Category Archives: DevOps

The cost of retries – part 1

In the previous post I discussed how bad it is for proxies to retry. In that post I mentioned offhandedly that the proxy retrying was not only going to make your app slower but also more expensive. This is a first look at that problem.

For your convenience I have created another visualization on GitHub.

Retries in linear system

Imagine you have a perfect system and it has constant response time no matter how heavily you load it and it will never drop anything from its queue. If we hit the system with more requests than it can handle it will keep processing requests at that same speed but the responses will be ever more delayed because the requests are stuck in a request queue.

No retries

In the no retry case, as we slowly load up the system the total number of requests in the queue eventually exceeds the speed with which they can be processed (about 1500s with default settings). At this point both the queue length and the response time start increasing. Eventually the response time exceeds the timeout on the client (about 1800s with default settings). From the client’s perspective at this point all requests start failing. Note that this situation persists well past the point where the load has dropped below what the system can handle (about 2200s with default settings) because there are still so many – effectively dead – requests stuck in the queue. Only when the queue size drops significantly does the response time drop back below the 15s timeout (about 2350s with default settings) and requests start succeeding again.
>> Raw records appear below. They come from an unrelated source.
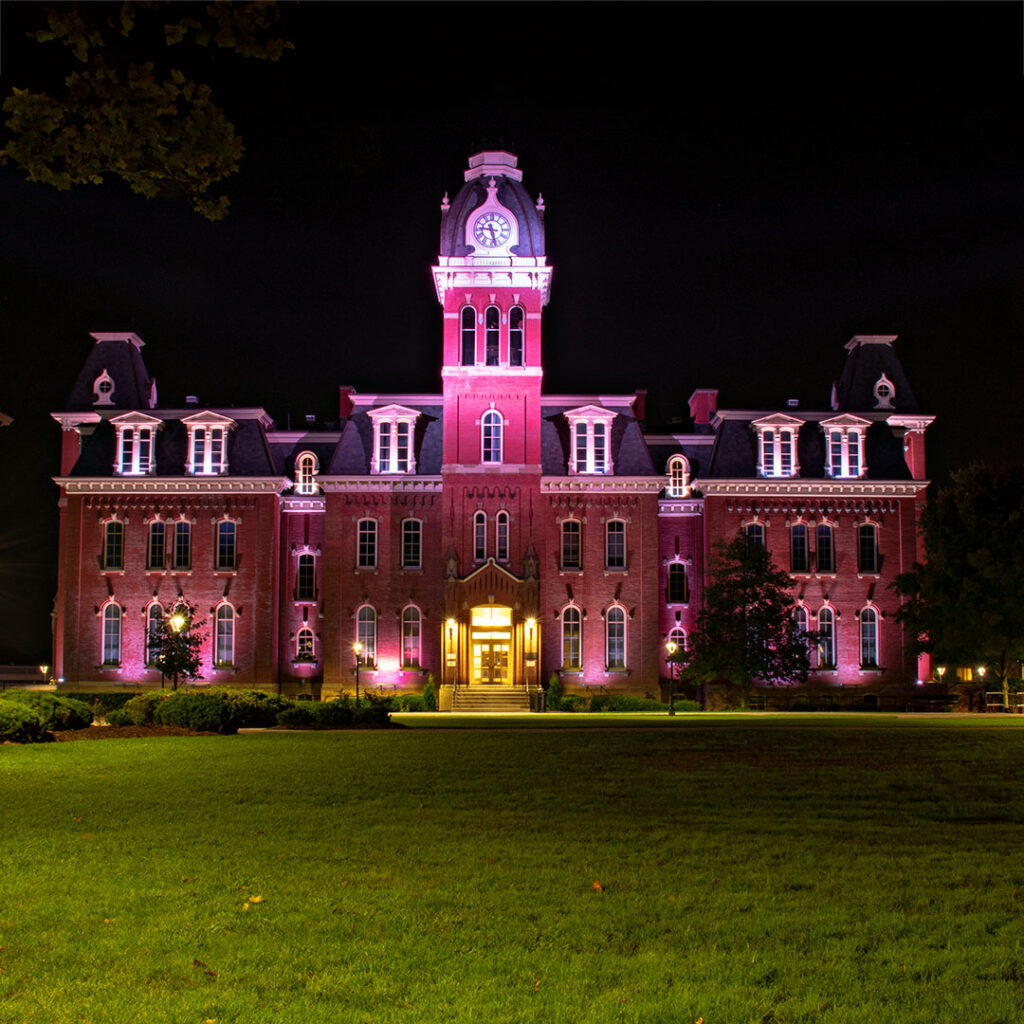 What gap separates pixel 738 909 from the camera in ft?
30.1

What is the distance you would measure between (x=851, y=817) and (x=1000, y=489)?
3604 centimetres

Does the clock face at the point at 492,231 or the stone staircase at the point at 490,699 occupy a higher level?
the clock face at the point at 492,231

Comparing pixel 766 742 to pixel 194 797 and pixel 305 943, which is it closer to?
pixel 194 797

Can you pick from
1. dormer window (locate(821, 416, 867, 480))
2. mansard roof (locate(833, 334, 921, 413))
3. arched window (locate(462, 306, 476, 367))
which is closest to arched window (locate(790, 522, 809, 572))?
dormer window (locate(821, 416, 867, 480))

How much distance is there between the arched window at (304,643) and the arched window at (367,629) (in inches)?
112

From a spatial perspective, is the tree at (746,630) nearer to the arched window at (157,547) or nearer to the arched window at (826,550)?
the arched window at (826,550)

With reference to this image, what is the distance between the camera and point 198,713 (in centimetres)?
2670

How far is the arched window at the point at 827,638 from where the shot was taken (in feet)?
178

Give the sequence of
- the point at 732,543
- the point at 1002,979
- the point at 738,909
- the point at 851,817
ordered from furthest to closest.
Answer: the point at 732,543
the point at 851,817
the point at 738,909
the point at 1002,979

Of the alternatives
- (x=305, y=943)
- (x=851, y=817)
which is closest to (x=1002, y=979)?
(x=305, y=943)

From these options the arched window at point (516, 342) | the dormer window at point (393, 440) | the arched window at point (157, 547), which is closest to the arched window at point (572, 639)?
the dormer window at point (393, 440)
All this is bad, but it is expected. One could argue that in this model there is only a problem if we are running very close to the limit of the ability of the system to handle load and that at that point some failures are expected.

With retries

Of course when the request fails it is likely the client will retry. In the simplest case we add a single retry. Everything remain the same until the first timeouts. At this point the number of requests on the system increases significantly because for every request more than 15s old a new request is added to the queue. This can be observed in the steep increase of the overall length of the request queue (bold red line). At the same time the average response time for requests also increases (orange line) because there are now even more (still dead) requests in the queue that need to be processed – and dropped by the client) before recovery can happen.

The thin red lines show the individual contributions of the original requests and the retries. As expected with a single retry these each contribute about half of the overall queued requests. If you look very carfully you will see that the contribution of the original requests initially almost follows the no-retry case but then with the increase of the retries suddenly increases to about the same level as the retries. This may initially seem counterintuitive but can easily be understood if you consider that original requests and retry requests are indistinguishable in the queue and the back end will process them as they come in. In other words, for every retry the back end will not process a first request and as a result more and more original requests will remain in the queue for longer.

To be continued …

I will leave you to ponder the implications of all this while I go off building a couple more models – specifically (1) a model where the system is running with a perfectly fine amount of headroom but gets hit by a requests spike – be it Black Friday or a network outage – and (2) a more realistic model where the response time is not constant with load to give you a more visceral sense of how much headroom a system really needs.


Proxies must not retry

You live in the cloud. Your app lives in the cloud. Mostly. You’ve decided to add access controls via a simple proxy. Your service is supposed to have “100%” uptime, so of course the proxy has to have “100%” uptime.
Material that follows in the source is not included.